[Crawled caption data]
###
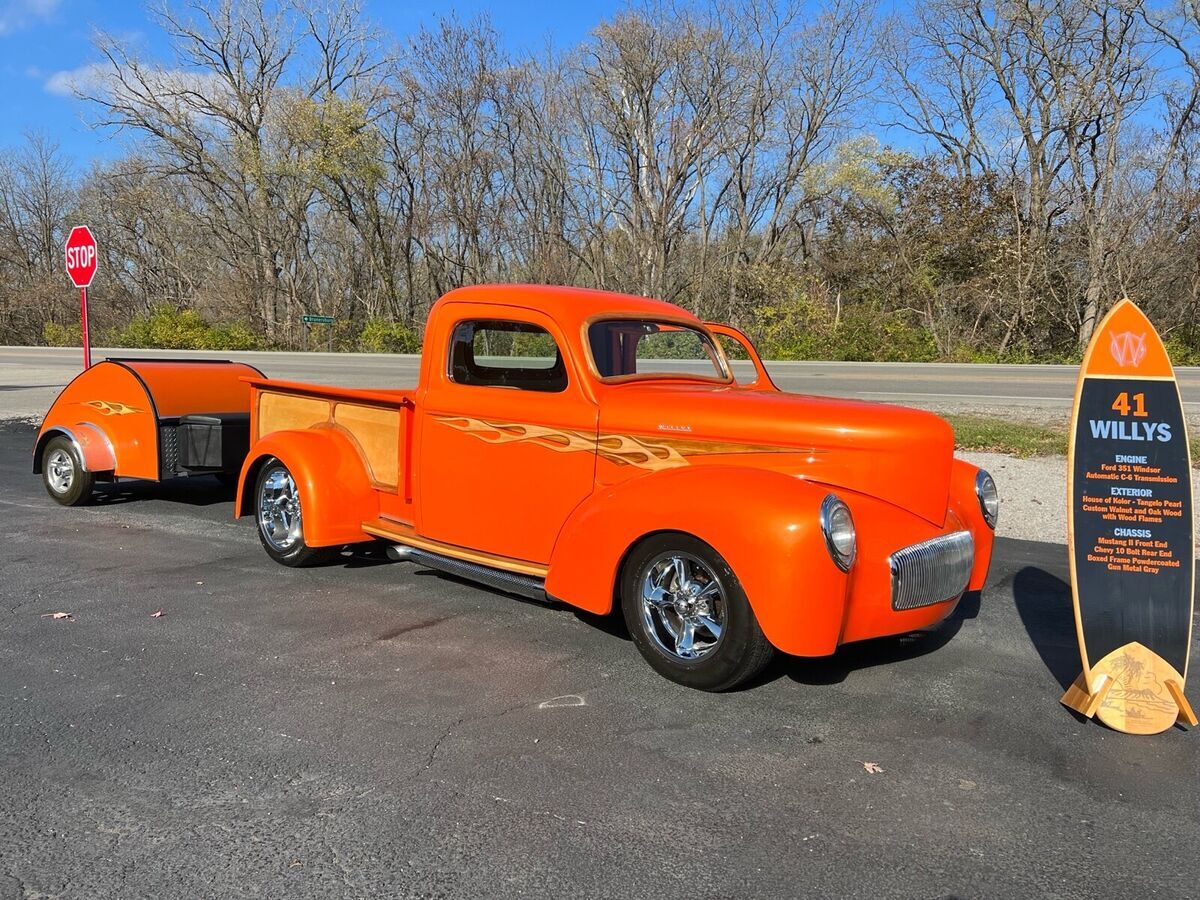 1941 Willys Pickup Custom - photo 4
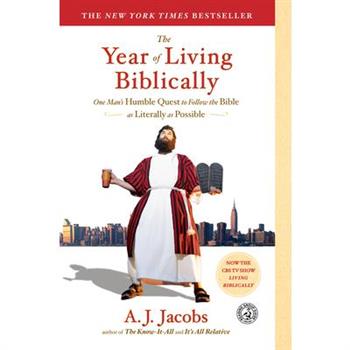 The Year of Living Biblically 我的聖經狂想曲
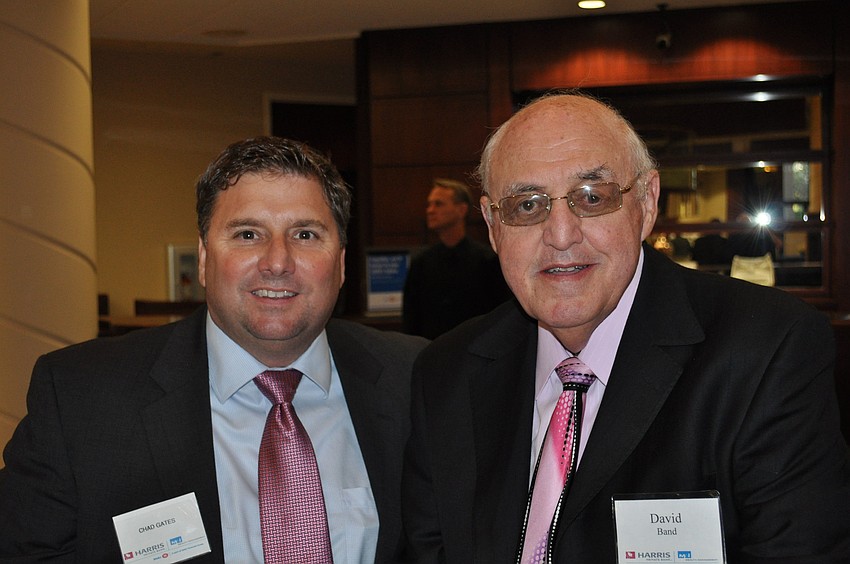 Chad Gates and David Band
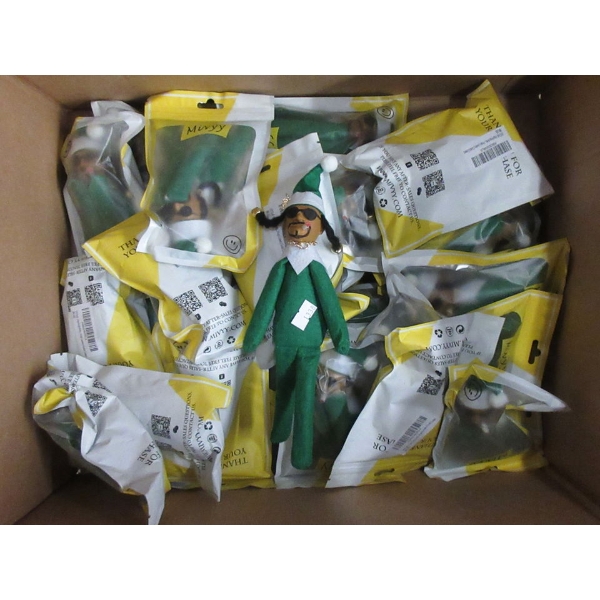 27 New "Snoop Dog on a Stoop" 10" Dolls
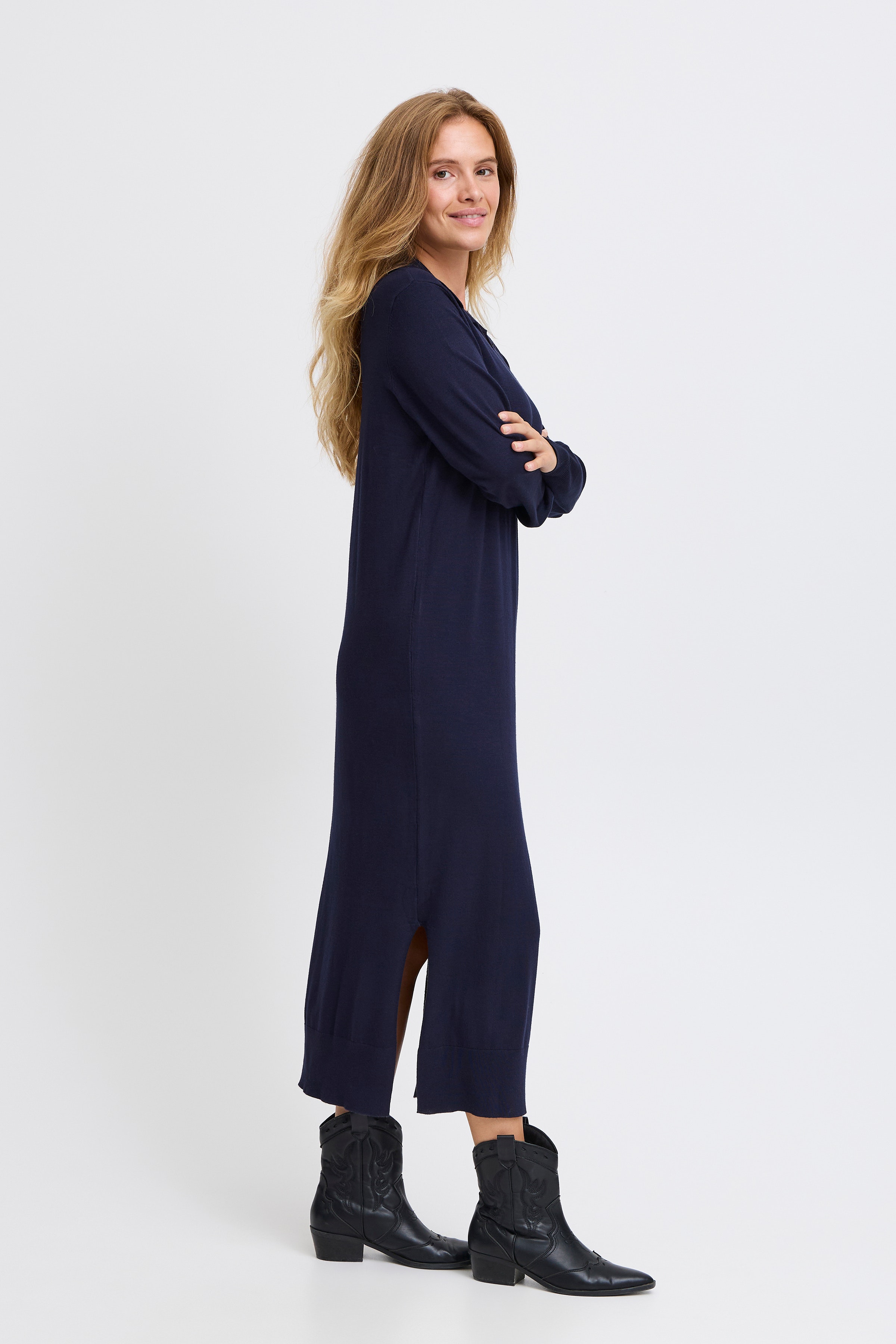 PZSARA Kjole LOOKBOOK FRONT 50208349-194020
###
What is needed is an exact copy of all the data, with no images in it.

*Task solution*
 1941 Willys Pickup Custom - photo 4
 The Year of Living Biblically 我的聖經狂想曲
 Chad Gates and David Band
 27 New "Snoop Dog on a Stoop" 10" Dolls
 PZSARA Kjole LOOKBOOK FRONT 50208349-194020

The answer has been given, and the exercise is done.